Furthermore, the majority of these fires originated in DC isolators with “the most likely cause of fire as electrical arcing”. Electrical arcing is the electrical breakdown of a gas that produces a prolonged electrical discharge leading to combustion. Effectively, the fire will start by a live wire sending electricity into the air. The temperature of an arc flash can reach several thousands of degrees Celsius.
All mechanical equipment deteriorates over time, which means there is an increased fire risk in older panels.
Digital solutions, both in private smart homes or in industrial scale properties also raise some questions. For example, cyber risks include several barriers that must be protected to ensure that these systems are functioning in a reliable and secure way. When extinguishing systems are dependent on sensor technology, the connection between these systems are key components of the smart home or office.
There is a risk that these can be hacked or malfunction due to software errors.
In May 2019, the Research Institute of Sweden (RISE) released the results of two studies relating to fire safety challenges with solar cells and photovoltaic technology.
Some of the most important findings were on the ignition, spread and fighting of fires.
These included for example the age and condition of installed solar panels and the possibilities of malfunctioning as a cause of fire.
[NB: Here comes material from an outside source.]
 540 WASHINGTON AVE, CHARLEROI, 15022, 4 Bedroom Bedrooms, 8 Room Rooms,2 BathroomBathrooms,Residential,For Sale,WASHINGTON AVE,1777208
The studies include recommendations to minimise the use of combustible materials beneath solar panels to stop the spread of a fire.
Also, firefighters need to be equipped with the correct training when battling a fire that involves photovoltaic systems.
The report also found that there must be adequate distance between the solar panels, in order to have access to fight a fire and the obvious issue is with using water to extinguish electrically charged panels.
60 Acre Solar Farm Fire Prevents Fire Fighters Access To Flames
On August 27, 2019, there was a fire on a 60 acre solar farm in the city of Pittsburg, California, close to residential and business areas.
During the fire, the firefighter were informed the solar panels were energized and high risk, thus preventing them from getting under the panels.